#### TASK DIRECTIONS:
Find the line with "for underground rare-event searches" in the data below. Repeat it and every line after it exactly, but not the pictures.

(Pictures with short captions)

· · · · · · ·

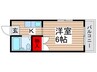ヒルトンホリグチ 1Kの間取り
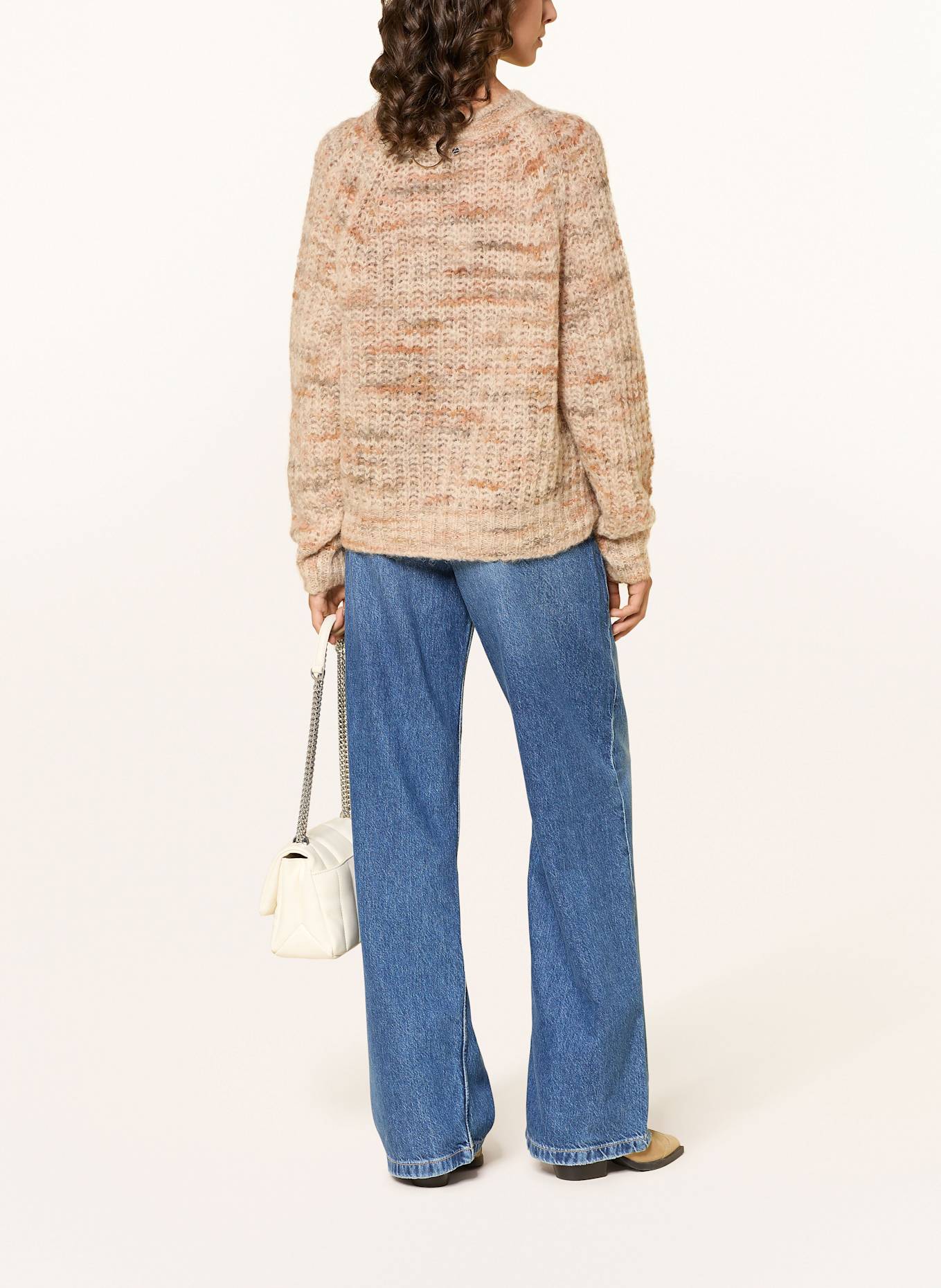 BOSS Alpaka-Pullover FIAMBELLA: BEIGE / CREME / GRAU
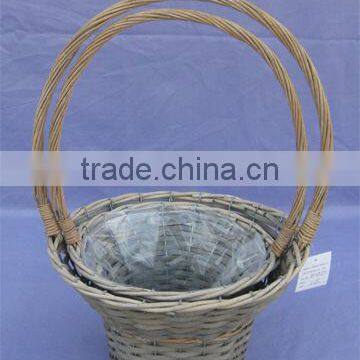 cheap wicker gift basket with hands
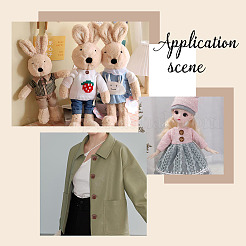 200 шт. 4 плоских круглых кокосовых пуговиц с 2 отверстиями BUTT-AR0001-03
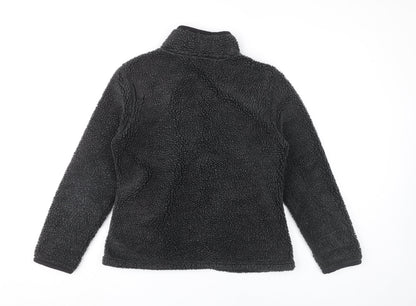 NX Sport Womens Black Fleece Zip Jacket UK 12 Regular Fit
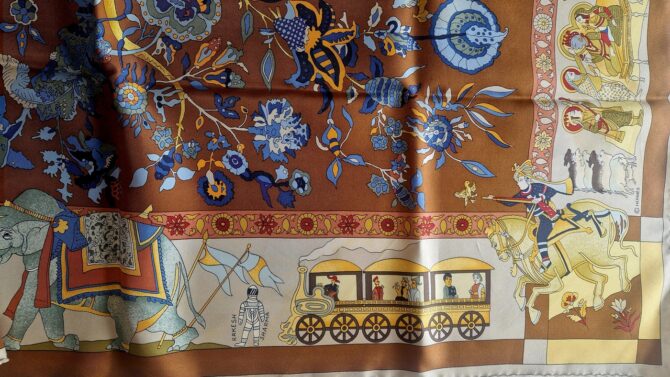 Carré Hermès  Fantaisies Indiennes  par Loïc Dubigeon – Édition spéciale de 1991 – Image 9
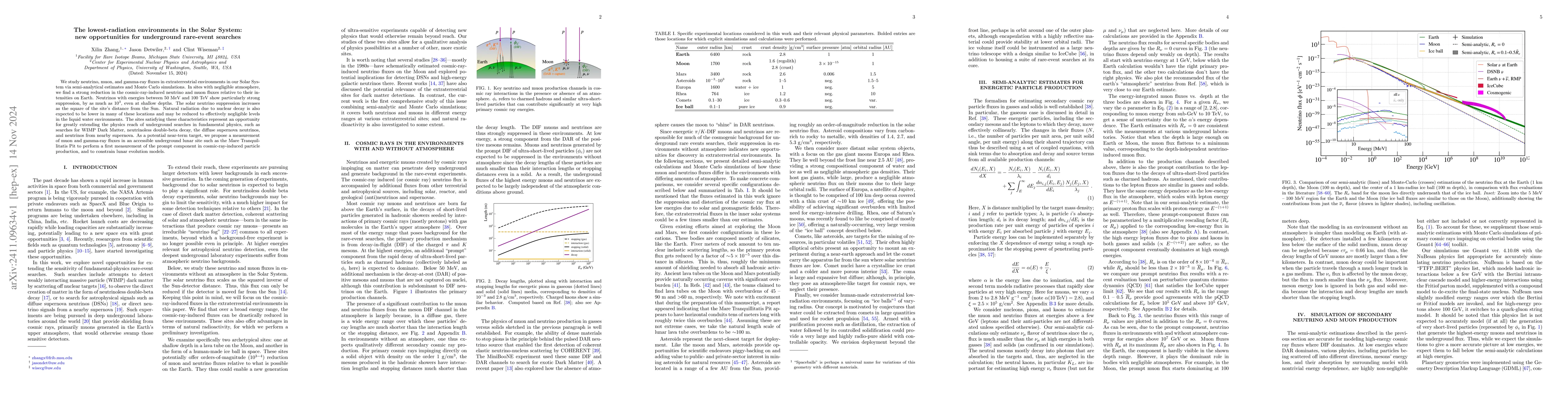 Thumbnail for The lowest-radiation environments in the Solar System: new opportunities
  for underground rare-event searches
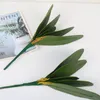 Simulation de feuilles de Phalaenopsis, plantes vertes artificielles, décoration de mariage, de maison, fausse plante, Arrangement floral en pot, feuilles d'orchidées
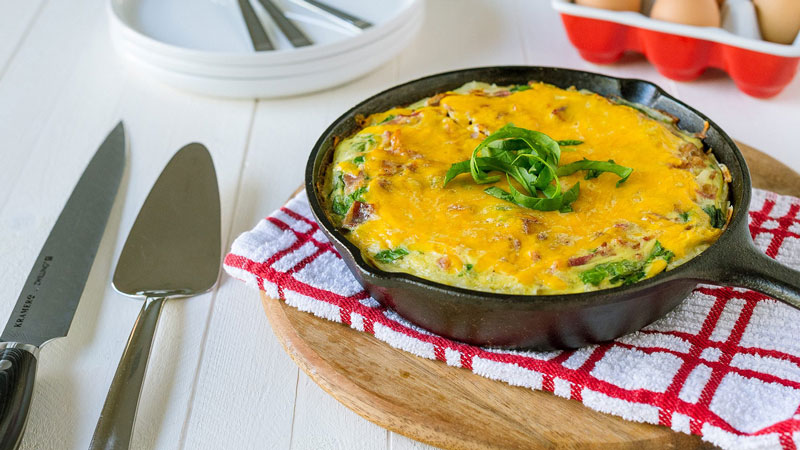 McCormick Spinach and Bacon Skillet Quiche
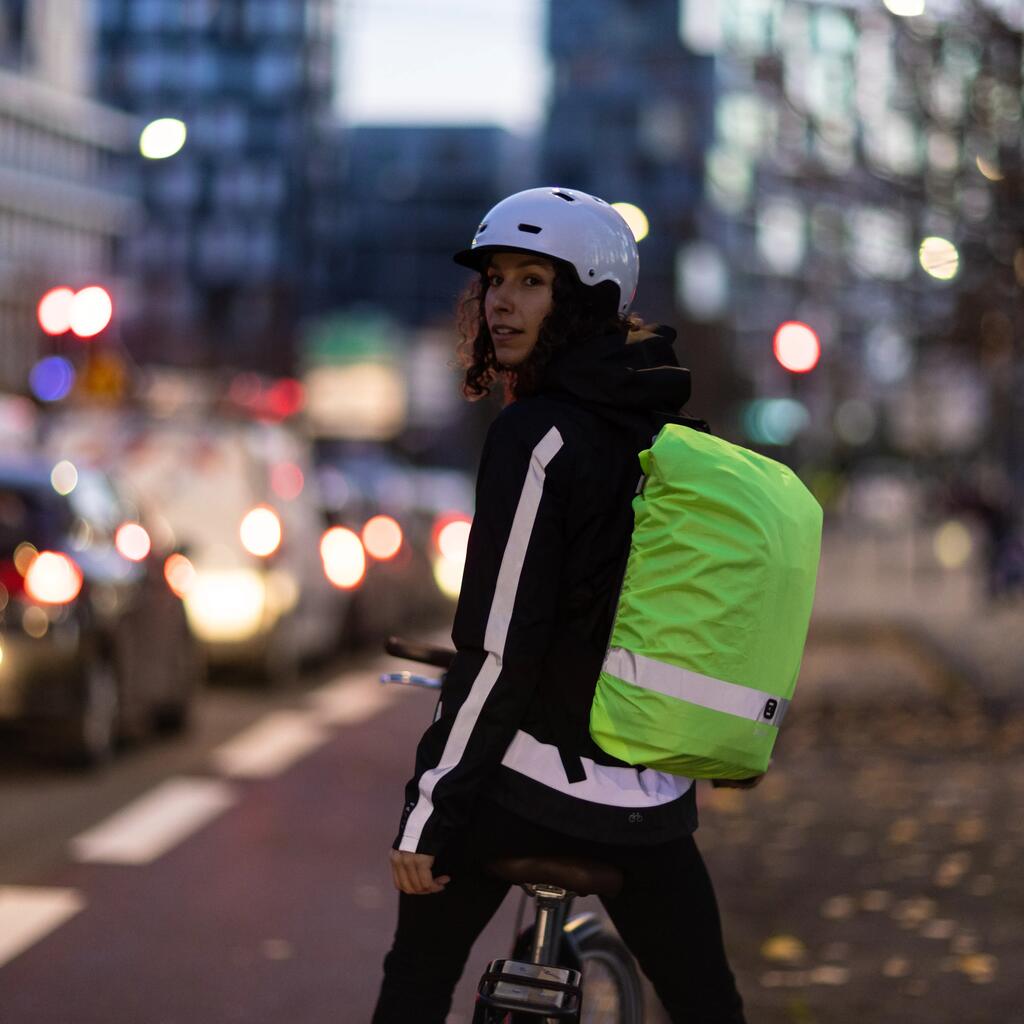 COUVRE SAC IMPERMEABLE VISIBILITE JOUR NUIT JAUNE FLUO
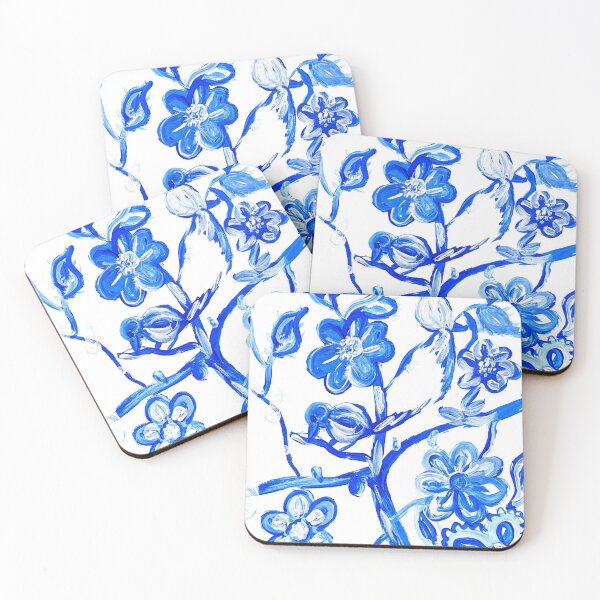 Item preview, Blue Birds by CK designed and sold by carlyartstudio.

· · · · · · ·

#### OUTPUT OF THE EXERCISE:
  for underground rare-event searches
 Simulation de feuilles de Phalaenopsis, plantes vertes artificielles, décoration de mariage, de maison, fausse plante, Arrangement floral en pot, feuilles d'orchidées
 McCormick Spinach and Bacon Skillet Quiche
 COUVRE SAC IMPERMEABLE VISIBILITE JOUR NUIT JAUNE FLUO
 Item preview, Blue Birds by CK designed and sold by carlyartstudio.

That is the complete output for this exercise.